Het geslacht Ligustrum behoort tot de Oleaceae (olijffamilie). Het geslacht omvat ongeveer 50 soorten die voorkomen in Oost- en Zuidoost-Azië. Het geslacht kent één soort die van nature voorkomt in Europa en het Middellandse Zeegebied: Ligustrum vulgare L.
Morfologie
Het geslacht bestaat uit struiken met enkelvoudige, tegenoverstaande bladeren. Sommige soorten zijn bladverliezend, andere wintergroen of halfwintergroen.
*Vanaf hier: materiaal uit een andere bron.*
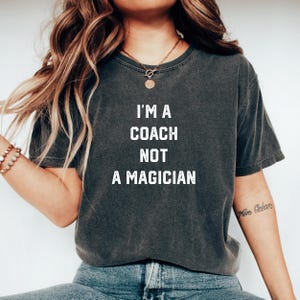 May include: A dark grey cropped t-shirt with the text "I'm a coach not a magician" printed in white. The shirt is being worn by a person with long brown hair.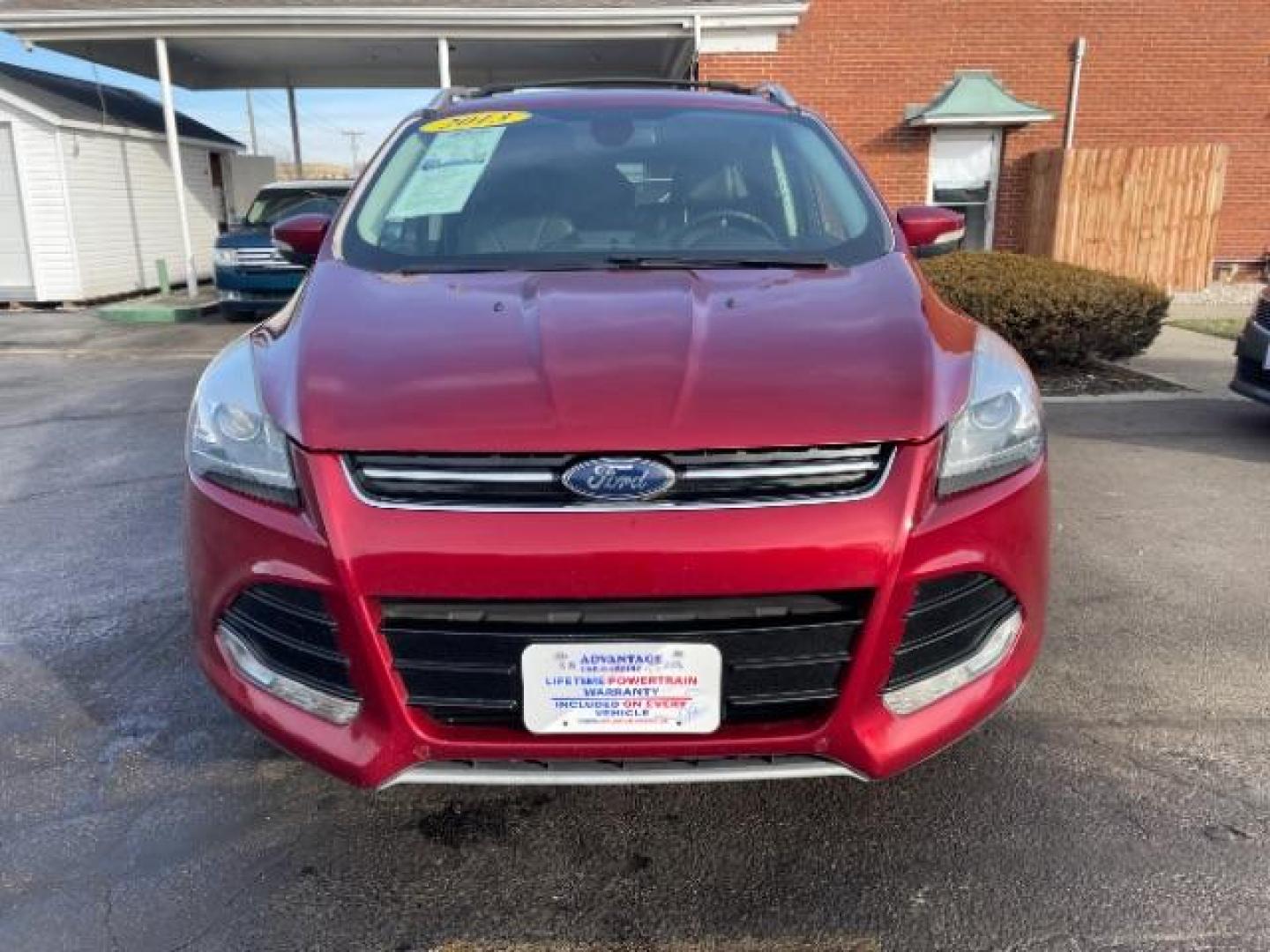 2013 Ruby Red Metallic Tinted Ford Escape Titanium 4WD (1FMCU9J92DU) with an 2.0L L4 DOHC 16V engine, 6-Speed Automatic transmission, located at 4508 South Dixie Dr, Moraine, OH, 45439, (937) 908-9800, 39.690136, -84.216438 - Photo#2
De bloemen zijn wit en staan in dichte pluimen. De vrucht is een zwarte bes.
Belangrijkste toepassingen
Vegetatief vermeerderd materiaal van cultuurvariëteiten van diverse soorten wordt gebruikt in het stedelijke gebied, in tuinen, plantsoenen en parken. Ligustrum wordt gebruikt voor landschappelijke beplantingen, hagen en in bossen.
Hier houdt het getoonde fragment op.